Sunday morning, for a change

Posted in MadCap, Personal, Tech Comm, technical writing with tags , , , on August 17, 2008 by Mike

Personal notes

Hand washing some dishes last night, I gashed the back of my hand when a thin glass imploded. After I put my hand in it, of course. I looked at the cut and told Husband “Get your keys. We going to the Emergency room. That’s gotta get stitched up.”

2 hours later, I was cleaned up with a stitch to close the inch-long and fairly deep gash. The emergency room people were very nice and fast.

This morning, it’s limiting my never very great typing abilities and it hurts. Ow. And I have no ability to tolerate pain, so I’m not delighted.

But it gives me an out on a bunch of household tasks, which is good!
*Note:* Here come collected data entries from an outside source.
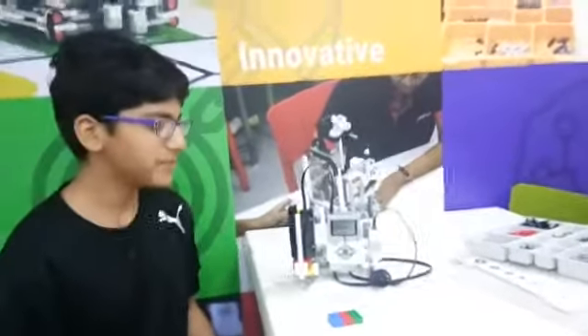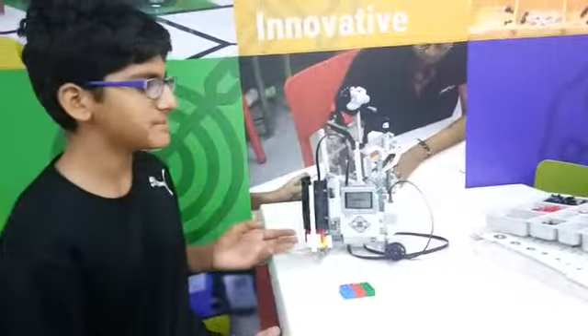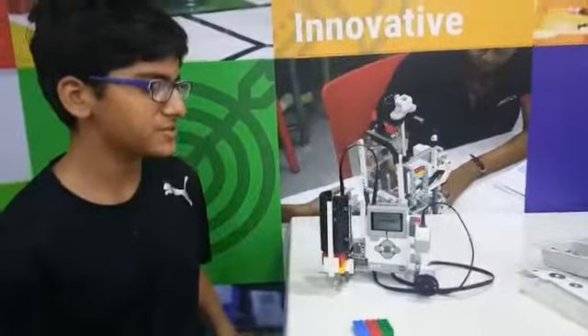Hello, my name is Divaj and today I have made an ATM model at RoboFund Lab, Ahmedabad using the Lego Mindstorm Kit.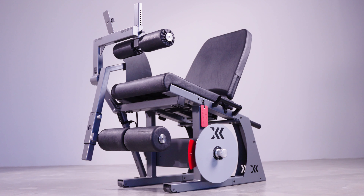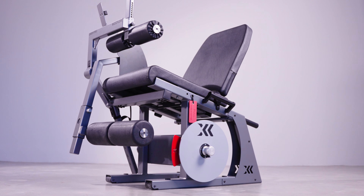I'm very pleased to be here today and able to present our latest eccentric device, the LegFlex. It's been in the works for quite some time and has also been one of our most requested devices.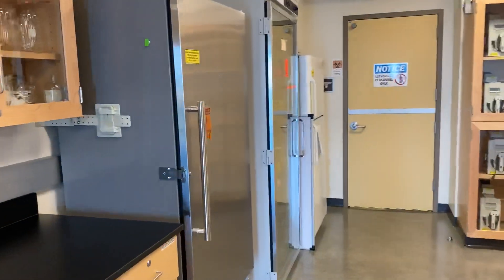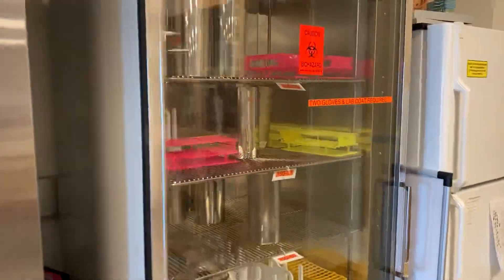Our incubators — which is where we'll be maintaining our cultures.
It’s going to cut into my crochet time, tho, which is bad. I’m working on a jacket in a wool/silk yarn that’s working up like butter. It’s going to be beautiful when it’s done.

Totally different topic: My grandson is walking! http://s2.photobucket.com/albums/y24/Talesia/Videos/?action=view&current=MVI_7949.flv Such a cute baby. It kills me they live 1200 miles away. He’s 1 on 20 Aug. Happy Birthday, Devlin! May you have 100 more.

More stuff

I’ve been talking to a fellow about SEQ fields in Word and I thought this might be a useful post on my blog.

SEQ fields

SEQ fields overcame a bug in older versions of Word. The bug showed up about Word 6. The bug was in autonumbering; essentially, autonumbering didn’t work. Word would ignore or randomly change your number settings with other settings. This was bad for tech authors, as we use a lot of autonumbering.
 
The SEQ field method tells Word that a paragraph has a specific number in a sequence. It hard coded the number – as far as Word is concerned (it was like a window into the guts of RTF, which was the mark up language of those versions of Word). So when you have:
{SEQ} words here 
{SEQ} words here 
{SEQ} words here 
{SEQ} words here 
 
The SEQ field tells Word that what’s really there is (in the RTF code):
1 words here 
2 words here 
3 words here 
4 words here 
 
It also told Word to not touch the numbering, to just accept what’s there and move on. Which was great and what you wanted from Word 6 to Word 2000 because the autonumbering was broken in all those versions.

It kept many tech authors from saying too many bad words. It didn’t keep us from using Word and drinking too much, but it did reduce how much we said the bad words.

SEQ fields and newer versions of Word

SEQ fields still work in newer versions of Word but are mostly unneeded because autonumbering generally works now.

However, if you are using SEQ fields and you save the Word file as XML, Word hard codes the numbers in the XML. This may not be what you wanted.

My recommendation is to stop using SEQ fields in Word 2003 and later, especially if you are going to convert the file to XML at some point, unless the hard coded numbers are OK with you, which they may be. It’s not really needed anymore, anyway.

But I’ve got forty billion legacy files!

I suspect you could write a macro to replace the SEQ fields with Word autonumbering. But I’m not a macro writer, so I leave this to smarter brains than mine. If someone wants to come up with it, I’ll post it, tho.

Ow, cut it out – it hurts!

Ok, husband is up and my hand hurts. Enough typing for a while.